I recently got the chance to rewatch one of my favourite movies of the last few years on Blu-ray: Pacific Rim. It has a fantastic commentary track by director Guillermo del Toro. There is a lot of interesting stuff in the commentary (for a film buff like me, at least), but I was particularly struck by how well he articulated some points I try to get across on this blog all the time.

1. Design is all about making choices. When you listen to the commentary, you soon realize that nothing on the screen – nothing – is there by accident. Everything is a the result of a careful, deliberative process (my emphasis).

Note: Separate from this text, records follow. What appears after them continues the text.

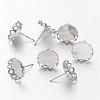 Brass Stud Earring Settings KK-I003-P-NF-1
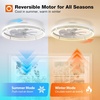 image:imageaddlon 27 Flower Low Profile Ceiling Fans with Lights and Remote White  Flush Mount Fandelier RemoteBluetooth App Control 30006000K Dimmable LED Timer Memory Bedroom Kitchen Living roomWhite  Starry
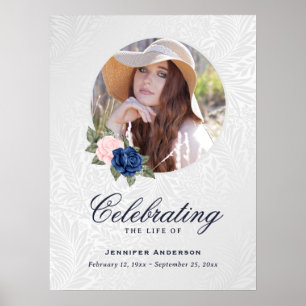 Blue Pink Floral Photo Memorial Funeral Sign Poster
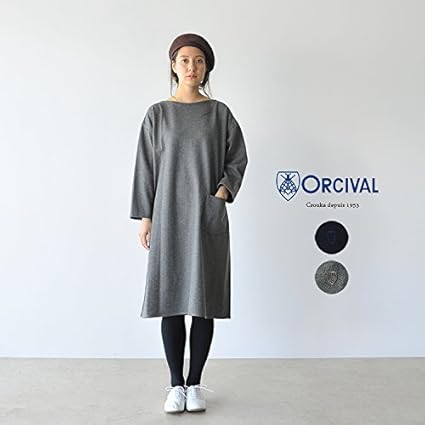オーシバル オーチバル Orcival ウール クロス 長袖ワンピース Rc 3587 1 M Charcoal ワンピース チュニック 通販 Amazon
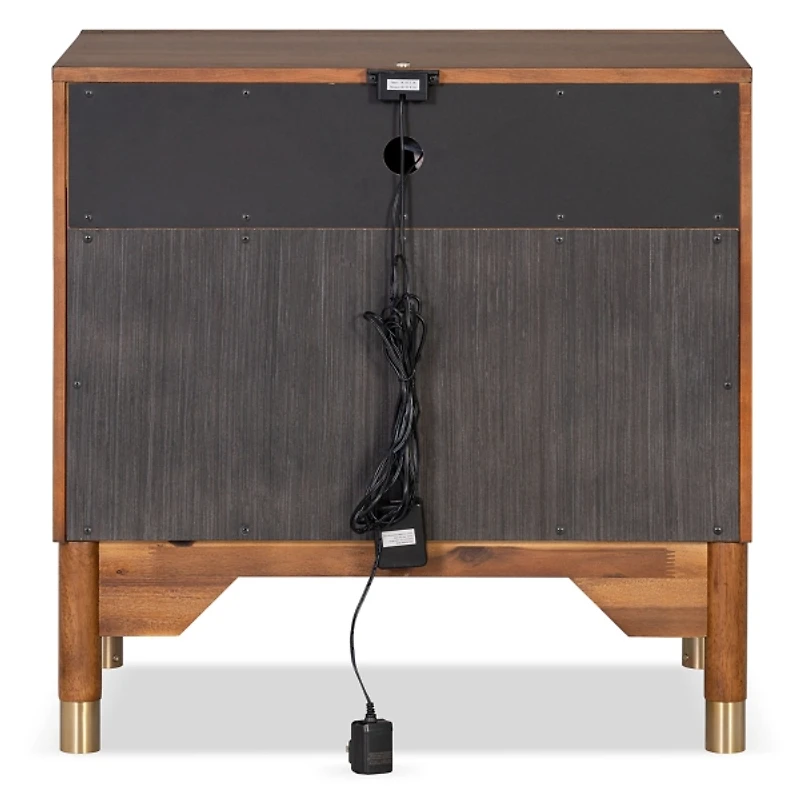 Forma Walnut Charging Nightstand with LED Light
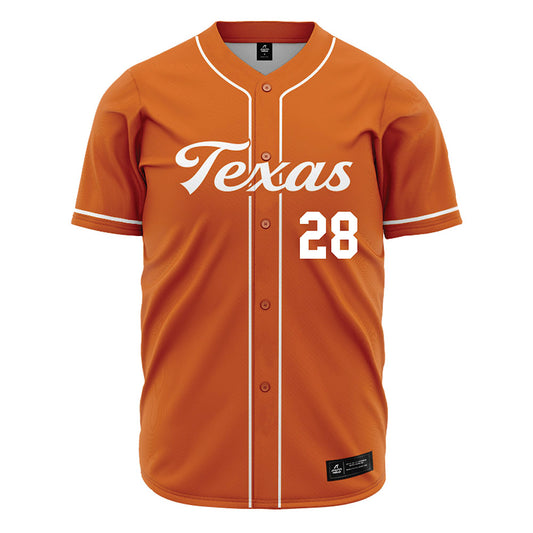 Texas - NCAA Baseball : Ace Whitehead - Baseball Jersey Orange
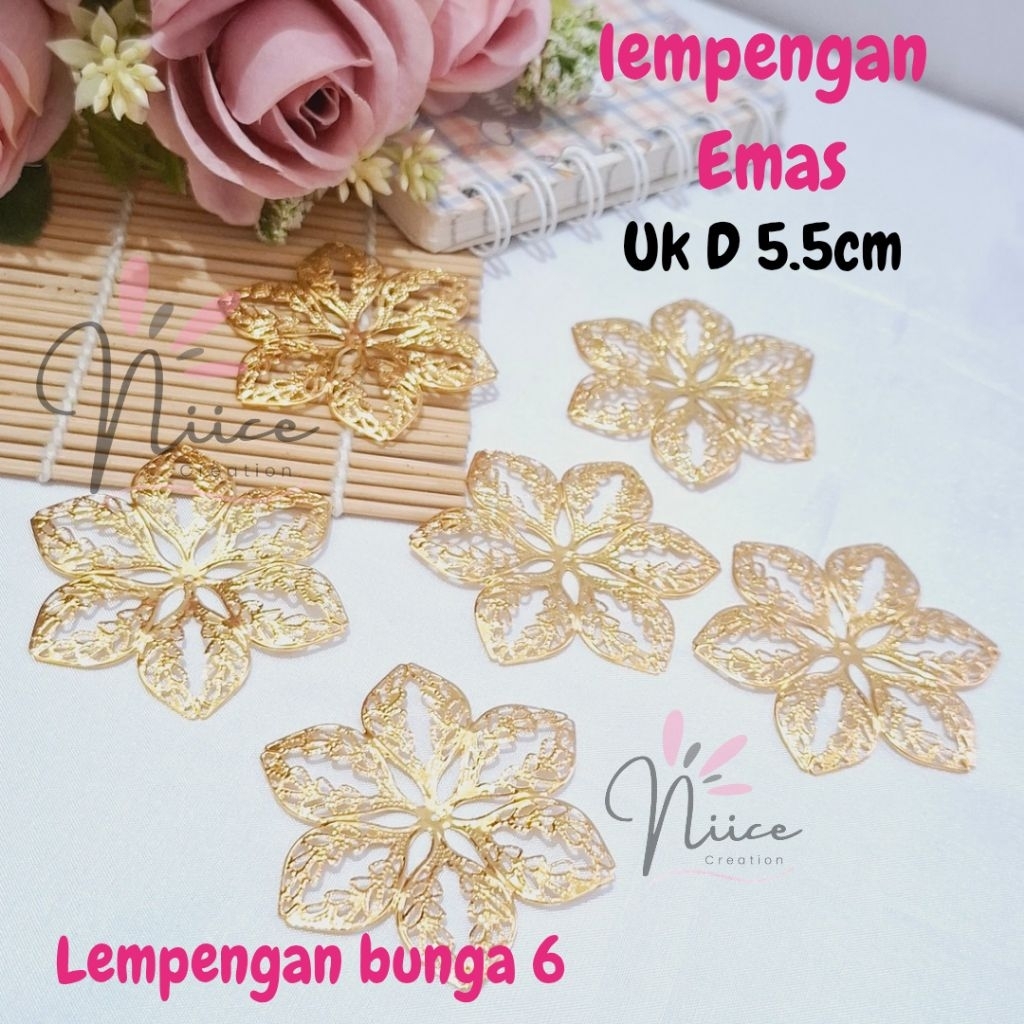 Lempengan Bunga Emas  | lempengan 6 Kelopak | lempengan emas
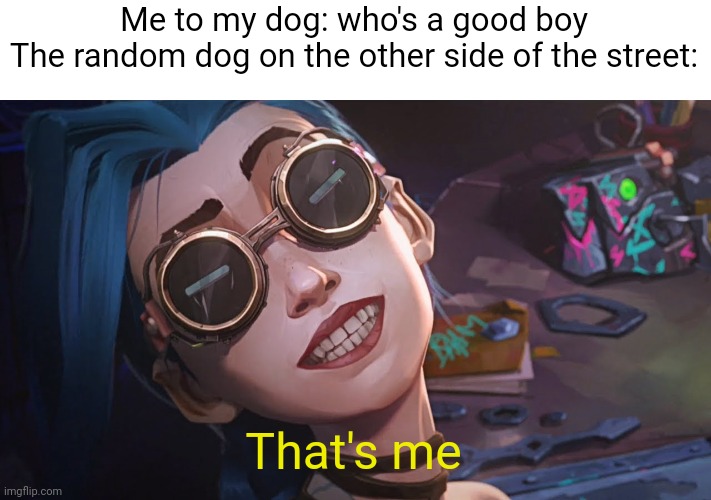 Arcane meme cause no one makes them | Me to my dog: who's a good boy
The random dog on the other side of the street:; That's me | image tagged in that s me | made w/ Imgflip meme maker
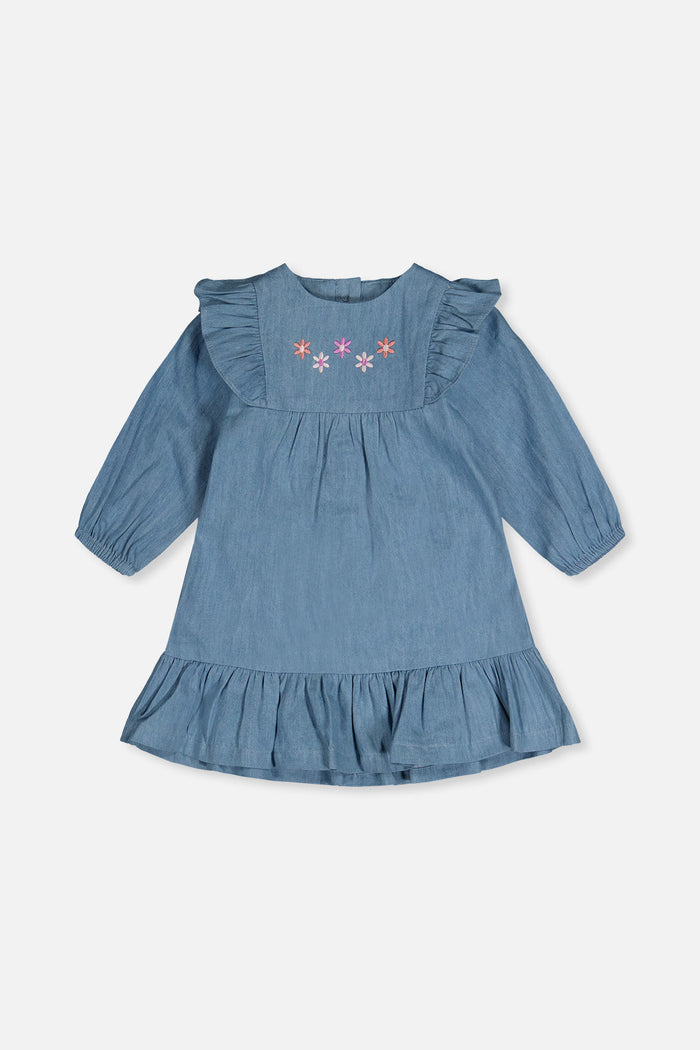 Chambray Dress Light Blue Denim-0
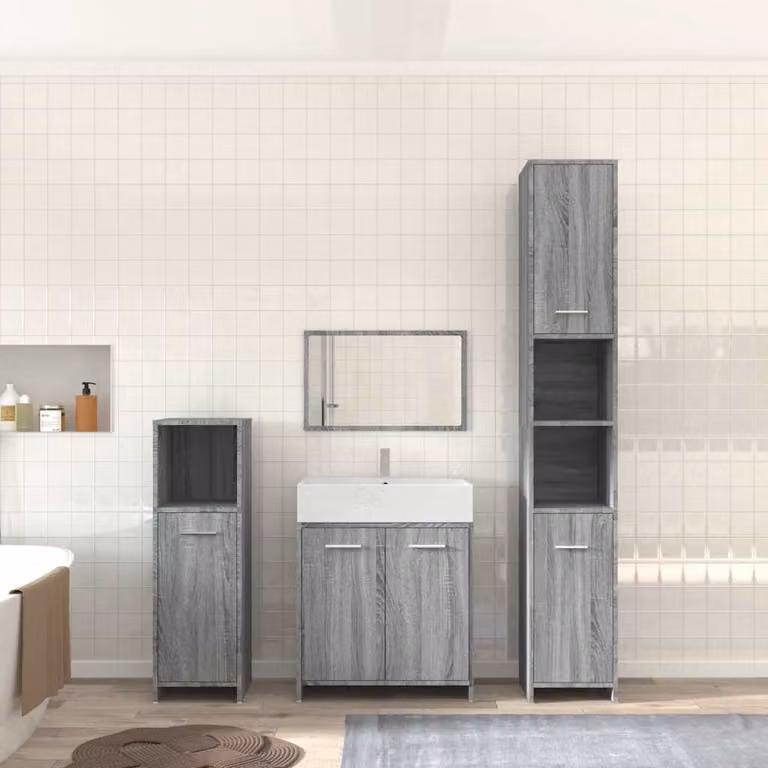 Set di mobili da bagno vidaXL 4 pezzi in legno multistrato grigio con base lavabo, mobiletto laterale, colonna alta e armadietto con specchio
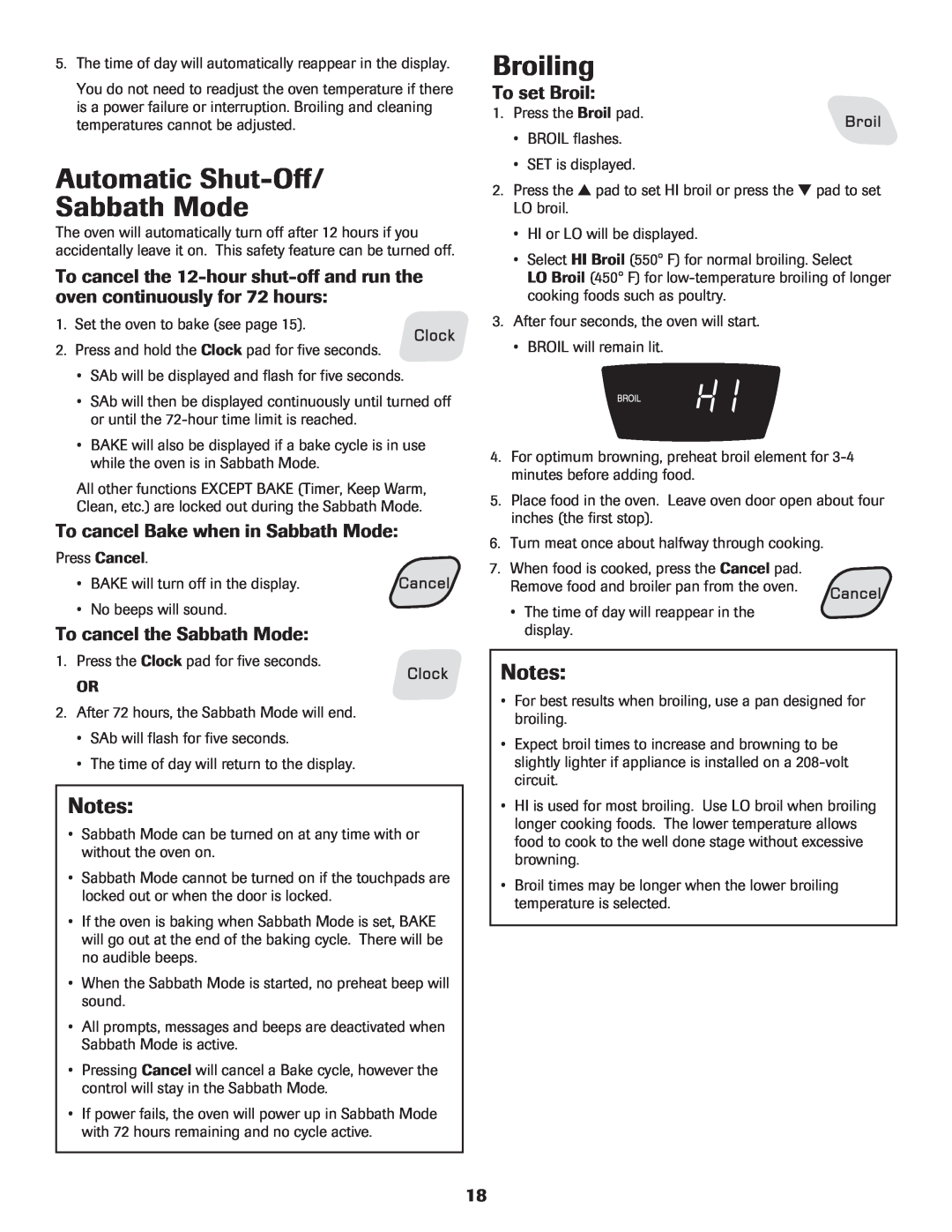 Amana Electric Range - Coil Automatic Shut-Off Sabbath Mode, Broiling, To cancel Bake when in Sabbath Mode, To set Broil 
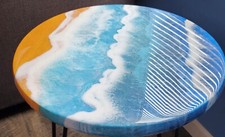 Ocean Wood Table, Epoxy River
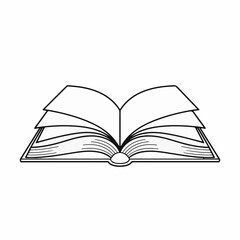 Open Book Icon – Reading, Education, Knowledge, Literature, Study Symbol Vector Illustration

We designed everything in this movie and patches in the shirt and uniforms. We designed the banners, badges, all the advisory and doors. We designed the Jaegers to the minimum details. You know, we designed the Jaegers so that if you zoom in into the controls, you would see electrical discharge warnings. You would see ladders; you would see places where you would connect. Engineering this amount of detail mechanically, the amount of detail in design is staggering. We spent about a year texturing this world. And the accumulation of that mosaic of details design-wide gives you the sense of a real world.

People think that world creation, movie, for example, is big gestures. But it is not. It is all these small details. Look at the markings; look at the vehicles that open the doors; look at the banners and this marking, the crawlers that move the robots. Everything is full of detail. We design these. Look at the bomber art on the chest. Gipsy Danger, this robot is designed to resemble a war plane from WWII.


So we have big riveting; we have the majestic lines of article building in New York. We gave the gait of a gunslinger of western fighter. Each of the robots has a personality and Gipsy has that strong personality of gunslinger out of a duel, sort of John Wayne gait.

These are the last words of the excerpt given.